All Products
Search
Document Center

Vector Retrieval Service for Milvus:Full-text and hybrid search with BM25 for RAG

Last Updated:Jun 02, 2026

Use Milvus 2.5 to perform full-text search, keyword matching, and hybrid search with BM25. Combine dense and sparse vectors with Reciprocal Rank Fusion (RRF) to improve retrieval precision in RAG applications.

Background information

Milvus 2.5 introduces native full-text search by integrating the Tantivy search engine library with a built-in Sparse-BM25 algorithm. This complements existing semantic search with keyword-based retrieval.
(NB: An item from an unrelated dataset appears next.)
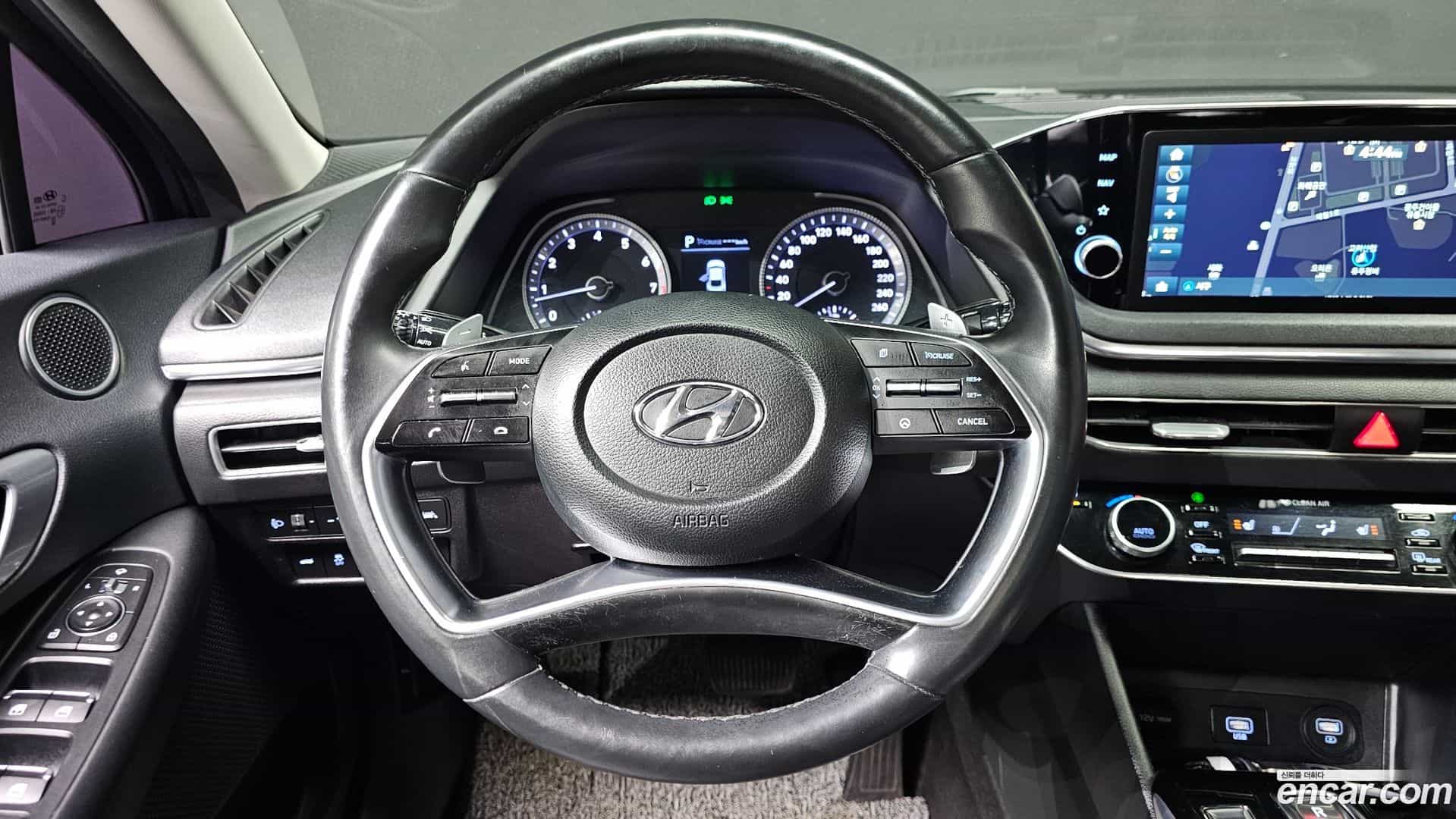 Sonata Hyundai 2019.3-OPTION-017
  • Built-in tokenizer: Milvus tokenizes text input directly into sparse vectors, filtering stop words automatically — no external pre-processing required.

  • Real-time BM25 statistics: Term frequency (TF) and inverse document frequency (IDF) values update dynamically on data insertion, keeping search results current.

  • Enhanced hybrid search: ANN-based sparse vector retrieval delivers millisecond-level responses at the hundred-million scale and supports hybrid queries with dense vectors.

Prerequisites

  • A Milvus instance with a Kernel Version of 2.5 or later is created. Create a Milvus instance.

  • The service is activated and an API key is obtained.

Limits

  • Applicable to Milvus instances with a Kernel Version of 2.5 or later.

  • Requires pymilvus 2.5 or later.

    Check the installed version:

    pip3 show pymilvus

    Update if needed:

    pip3 install --upgrade pymilvus

Procedure

Step 1: Install dependency libraries

pip3 install pymilvus langchain dashscope

Step 2: Prepare data

This example chunks the official Milvus documentation with LangChain, generates embeddings using the text-embedding-v2 model, and inserts the results into Milvus.

from langchain_community.document_loaders import WebBaseLoader
from langchain.text_splitter import RecursiveCharacterTextSplitter
from langchain_community.embeddings import DashScopeEmbeddings
from pymilvus import MilvusClient, DataType, Function, FunctionType

dashscope_api_key = "<YOUR_DASHSCOPE_API_KEY>"
milvus_url = "<YOUR_MMILVUS_URL>"
user_name = "root"
password = "<YOUR_PASSWORD>"
collection_name = "milvus_overview"
dense_dim = 1536

loader = WebBaseLoader([
    'https://raw.githubusercontent.com/milvus-io/milvus-docs/refs/heads/v2.5.x/site/en/about/overview.md'
])

docs = loader.load()

text_splitter = RecursiveCharacterTextSplitter(chunk_size=1024, chunk_overlap=256)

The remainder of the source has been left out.